For most of this tournament, Michigan defied predictions. The Wolverines became just the second unseeded team to make the women's volleyball final four.
And Thursday, Michigan was also trying to reverse a statistical trend that it previously did in its regional-final victory against No. 2 seed Stanford last weekend. Coming into the final four, teams that won the first set in this NCAA tournament ended up winning their matches 77 percent of the time.
That wasn't the case, though, when the Wolverines lost their first set against Stanford, as Michigan came back for a 3-1 victory. Thursday, the Wolverines got down 1-0 again after getting blitzed 25-11. But it looked for a while as if they were going to once again rally for an upset.
Michigan won the second set, 25-21, taking advantage of some crucial errors from the Longhorns. Then the Wolverines maintained their momentum with a 25-23 victory in the third set.
Fans of the Longhorns started to sweat. The Big 12 champions had lost just one match in league play: a five-setter at Iowa State in the regular-season finale. And Texas had surrendered just one set in its four NCAA tournament wins. Now, though, the Longhorns were a set away from elimination.
But just like that, the switch flipped back in Texas' favor again. An athletic team with multiple scoring threats, the Longhorns didn't have the nervous look of playing for their season's survival in the fourth set. Rather, they brought out their bulldozer persona again, winning 25-12 to push the match to the limit.
And here's the mental-background aspect of all this for Texas. The last time the Longhorns were in the final four, in 2010, they were dismissed so quickly their fans barely had time to settle in their seats.
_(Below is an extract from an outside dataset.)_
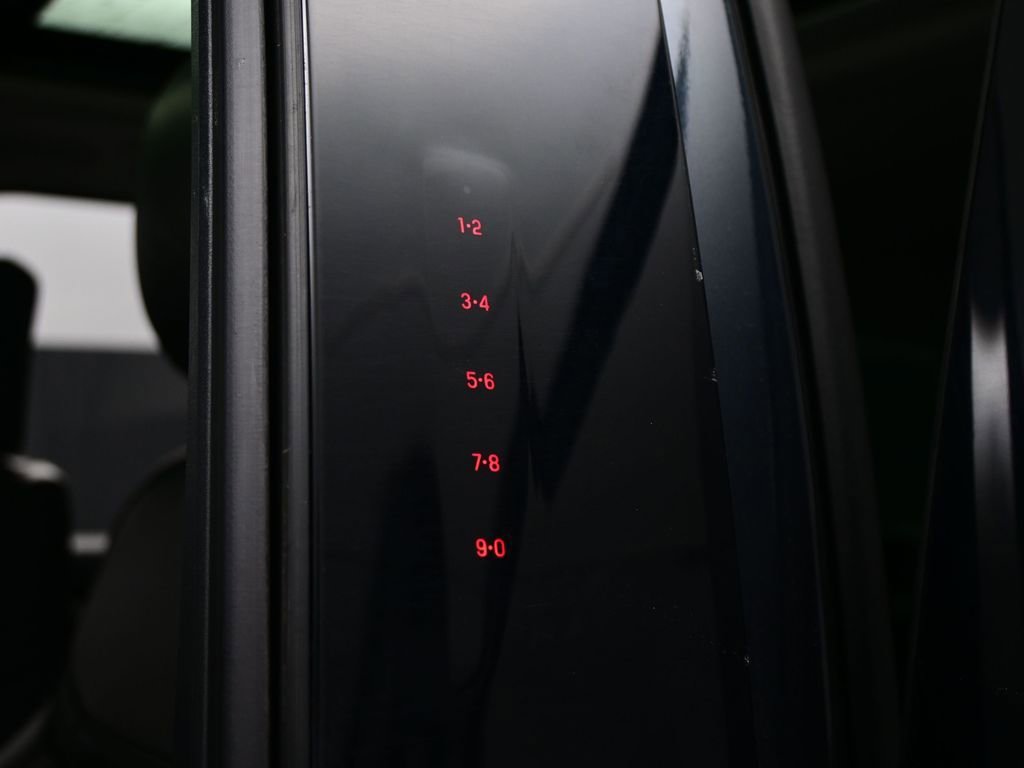 Used 2025 Ford Expedition Active RWD image 38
That national semifinal loss to eventual champ Penn State had a couple of caveats, though: Setter Hannah Allison had been dealing with an ankle injury during her freshman season, and Webster was sitting out the year with a knee injury.
You could legitimately say Texas overachieved that year just to make the final four; still, it stung the Longhorns to be beaten so soundly in the semis.
"That's a huge obstacle we had to overcome," Allison acknowledged. "That mentally beat us up. It was hard to regroup from that because of the way that that match went down.
"I think a lot of it is confidence, but that confidence comes from two or three years of building trust and believing we can get back to that spot."
That's the attitude that Texas -- which lost to eventual champ UCLA in the regional finals last year -- took into the deciding set Thursday. It helped that when it comes to weapons, the Longhorns have quite a spectacular variety of them. And they all came into play in the final set, which Texas won 15-11.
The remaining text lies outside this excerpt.